M. leprae - Lepromatous Leprosy

Answer 34

• In lepromatous leprosy, skin lesions are infiltrative, extensive, symmetric, and diffuse, particularly on the face, with thickening of the looser skin of the lips, forehead, and ears.
• Damage may be severe, with loss of nasal bones and septum, sometimes of digits, and testicular atrophy. Peripheral neuropathies may produce deformities or nonhealing painless ulcers.
• The organism can spread systemically, with involvement of the reticuloendothelial system.

Question 35

M. leprae Diagnosis

Answer 35

• Leprosy is primarily a clinical diagnosis confirmed by demonstration of AFB in stained scrapings or biopsies of infected tissue, particularly nasal mucosa or ear lobes.
• Because M. leprae is not as resistant to decolorization as MTB a variant of the standard acid-fast procedure (Fite stain) must be employed to avoid false-negative results.

Question 36

M. leprae Treatment

Answer 36

• The drugs used for treatment of leprosy are dapsone, rifampin, and clofazimine.
• Their deployment is based on disease severity measurements which correspond to the lepromatous and tuberculoid forms.
• Those with negative AFB smears and 5 lesions and positive smears (multibacillary) are treated with all 3 drugs

Question 37

Mycobacterium avium–intracellulare Complex

Answer 37

• Mycobacterium avium–intracellulare complex (MAC) includes two closely related mycobacteria, M. avium and M. intracellulare, that grow only slightly faster than M tuberculosis.

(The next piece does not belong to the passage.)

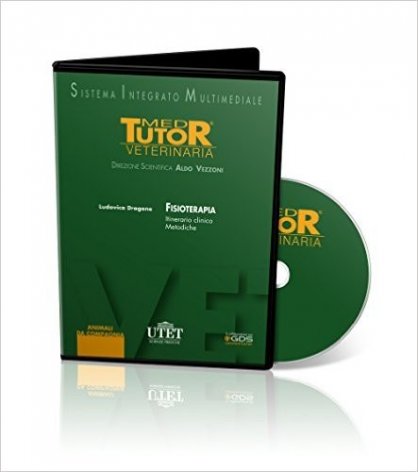 Med Tutor Veterinaria. Fisioterapia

Among them are organisms that cause tuberculosis in birds (and sometimes swine), but rarely lead to disease in humans.
• The most common infection in humans is cavitary pulmonary disease, often superimposed on chronic bronchitis and emphysema.
• Cervical lymphadenitis, chronic osteomyelitis, and renal and skin infections also occur.
• The organisms in this group are substantially more resistant to anti-tuberculous drugs than most other species, and treatment with the three or four agents found to be most active often requires supplementation with surgery.

Question 38

Mycobacterium avium–intracellulare Complex and AIDS

Answer 38

•Disseminated MAC infections, once rare, are now a common systemic bacterial infection in patients with AIDS. They usually develop when the patient’s general clinical condition and CD4 T cell concentrations are declining. Histologically, granuloma formation is muted, and there are aggregates of foamy macrophages containing numerous intracellular AFB. The diagnosis is most readily made by blood culture, using a variety of specialized cultural techniques. Response to chemotherapeutic agents is marginal, and the prognosis is grave. MAC infections have declined with advances in chemotherapy of AIDS.